Our parents reassured us by saying, It’s fine. They said that humans were intelligent and persistent. That intelligent people would find a solution in no time, that we just had to sit and wait until then. What I thought was the exact opposite. That the world would most certainly be upended. That human determination would turn crisis into despair. That intelligent people would not find a solution but a bigger disaster. I had to find a different approach than my parents’. The day Dad died, I packed my bags right away. As light as possible. Only what I could carry on the run. I took Joy by the hand and headed straight to Incheon harbor. I wasn’t sure if there’d be a ship running under such circumstances, but there was. The problem was that the tickets were unbelievably expensive. People who see opportunity in disaster, who don’t starve or run even in disaster—they must belong to a world somewhere beyond the afterlife. To ride on the boat, I had to offer up as much gold and diamonds as they wanted. A gold ring wasn’t even enough to cop a pack of gum. However, in exchange for taking my parents, God had given me the wondrous talent of stealing. I came to know something much better than ever before: what it was I needed. Where it was. Like a rat, I burrowed into the bedlam of screaming, brawling, milling people and stole two tickets. Tickets to Qingdao.

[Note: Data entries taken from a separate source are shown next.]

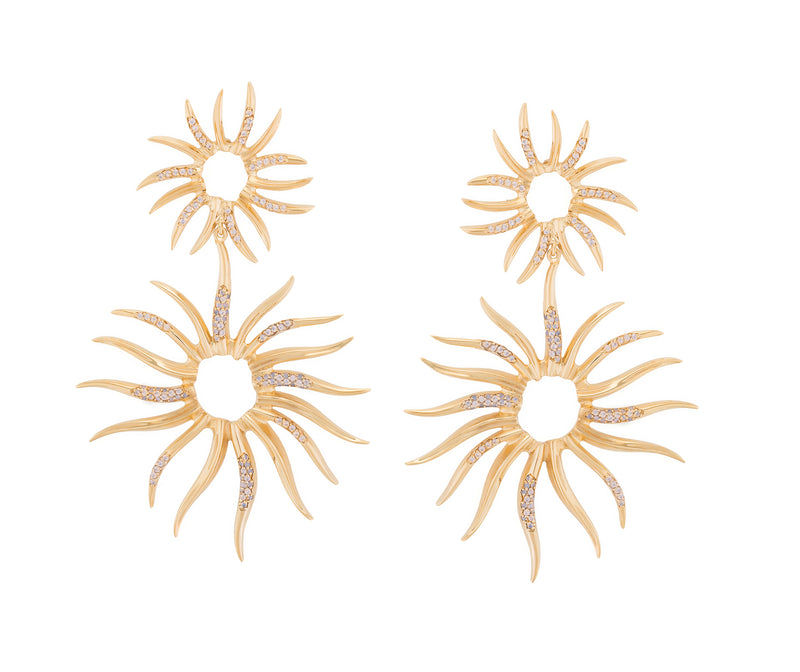 STATEMENT SUN PAVE EARRINGS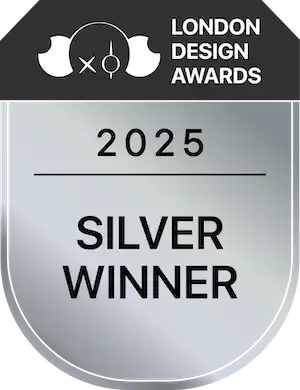 London design silver award badge for eco sponges spongemail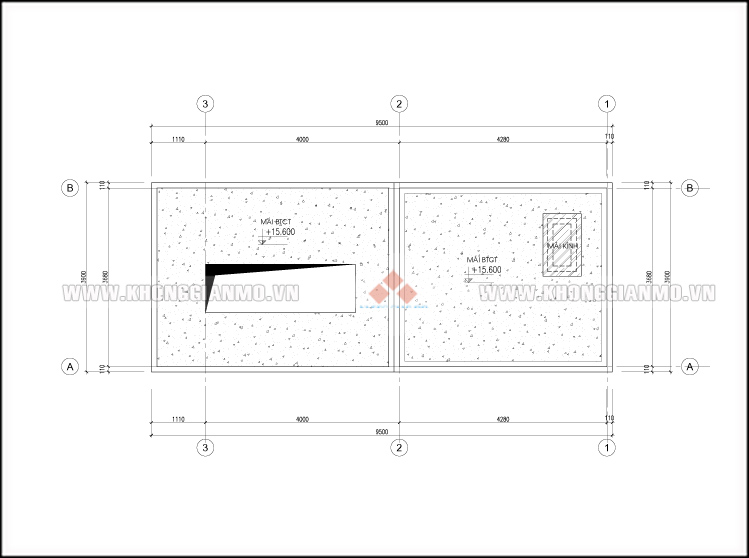 Bố trí mặt bằng công năng tầng 5 - Nhà lô phố tại Thanh Trì - Hà Nội. 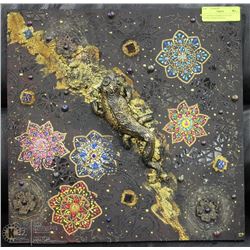 3D, GECKO/CHAMELEON AND FLORAL MIXED MEDIA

Once there, I stole another pair of tickets. We traveled all the way to Ulan-Ude that way. What happened to the people I’d robbed? It wasn’t just tickets or money but their lives I stole. I deserved their hatred.

I got caught in Ulan-Ude. Joy and I ran. She’s a fast runner. So fast I can’t keep up. But she can’t run as quickly as she wants because she has to hold my hand the whole time. I’m the millstone around her neck. If it weren’t for me, Joy would be able to reach the end of this continent without a car or a train, without getting tired. She can run and run until she flies like a bird. I tried to keep going as she dragged me forward but eventually had to let go of her hand. Joy stopped stockstill like a switched-off toy. The small angel looked back at me with a guileless expression. I’m the reason why Joy can’t run. Dad’s request had been misplaced. Instead of asking me to look after Joy, he should’ve told her to keep running even if her sister lets go of her hand. That my letting go is her cue to run faster.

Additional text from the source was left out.